「……は? 」
グリノーは女の言葉を理解するのに時間を要した。
彼女はオリヴィア・スカーレット。巷では有名なストリップダンサーである。また、最近では夜の世界の歌姫とも呼ばれていた。
つまり、彼女はそれほどの美貌と才能を持ち合わせた神が作りし美女である、と。
彼女自身もそれを自負していた。だが、オリヴィアはゼーメル家の問題児……否、蒼天騎士団の一人であるグリノー・ド・ゼーメルを大層気に入っており、彼とは特別に身体を交える関係にある。
今日も互いの欲を発散した後に冒頭の発言だった。
「縁談が来ましたの」
「お前に? 」
「ええ、もちろん私に」
ベッドに寝そべるグリノーは信じられないと言わんばかりの顔でオリヴィアの背中を見つめていた。傷一つないその白い肌はとても美しかった。何よりも彼女の赤い髪もサラサラとしており、まるで絹の糸のようだった。グリノーは無意識にその髪に触れる。指通りがよく、すぐに落ちていった。
男の大半は惚れる。グリノーもそう思った。
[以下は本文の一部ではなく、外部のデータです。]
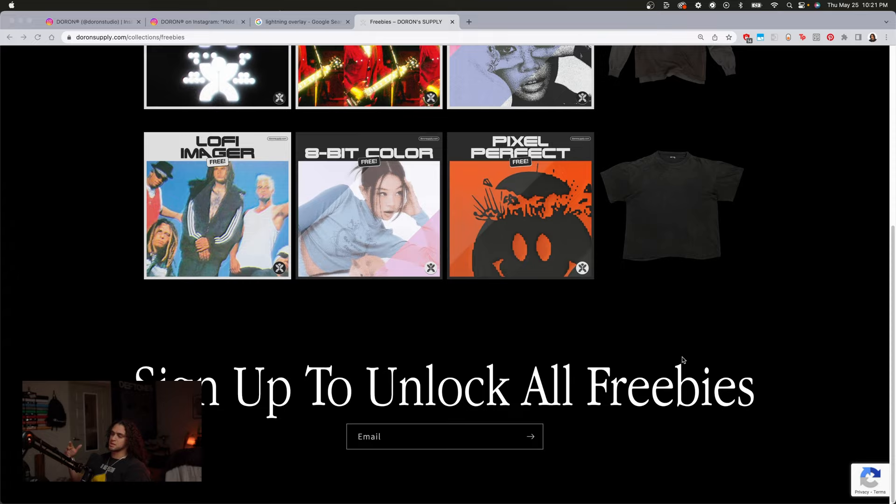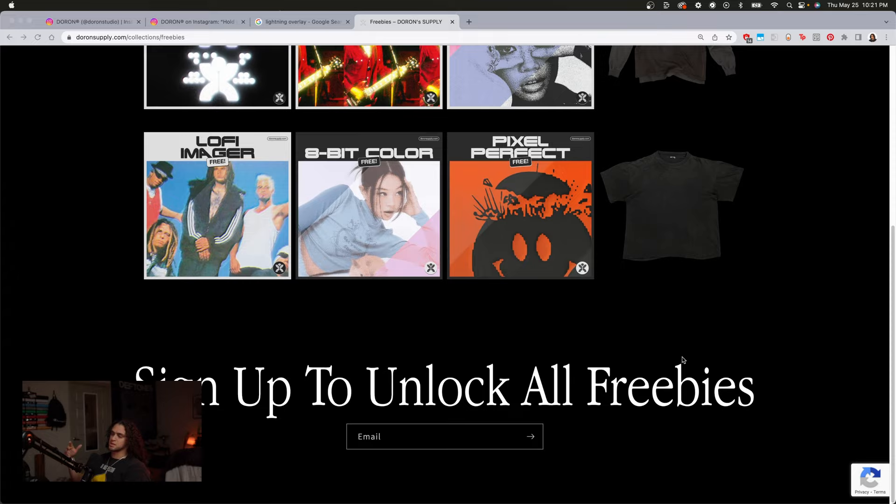That's a wrap. Thank you so much for watching — I really hope you learned something. Make sure you hit that like and subscribe button if you want to. Go ahead and visit deronsupply.com to download all the free stuff available: a glow effect, film glow effect, Xerox effect, lo-fi effect, and some nice mockups. Sign up at the bottom of the web page to download them. Thanks for watching — peace out.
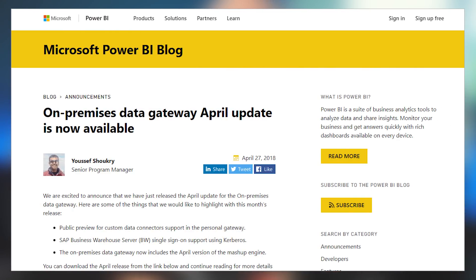There's a new update for the on-premises data gateway, so be sure to check that out. The big item is public preview for custom data connectors with the personal gateway. So if you're creating a custom data connector using the Power Query SDK, that is now supported for refresh with the personal gateway. Also, there's now single sign-on support using Kerberos with the SAP BW connectors. Make sure you update the gateway to the latest version to avoid any problems, and check out the blog post for all the details.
彼女はグリノーとしか交わっていないと言っているが、嘘かもしれないと思っている。
身支度を整えるオリヴィアの背中をただ見つめていた。
その視線を感じたのかオリヴィアは振り向き、「寂しいですか?」と問いかける。陶器のような白い手は、黒く焼けた頬を愛おしそうに撫でる。
薄紫の瞳は一瞬揺れ動いたが、すぐに瞼によって隠された。
「別にんな事ねえよ」
「ふふ、そうですよね」
ぶっきらぼうに言われればオリヴィアは苦笑する。だが彼女もどこか名残惜しそうに唇を寄せた。二つの唇は触れ、すぐに離れる。そして添えていた手も離れていった。
「さようならなんて言いませんわ。あなたがどこかで生きているのならまた会えますから、きっと」
悲しげに笑う彼女にかける言葉などグリノーには持ち合わせていなかった。
彼女を引き止める理由などない。あくまで性欲を発散するにいい相手だったからだ。心の片隅にわだかまりが出来ていることをグリノーはわざと無視した。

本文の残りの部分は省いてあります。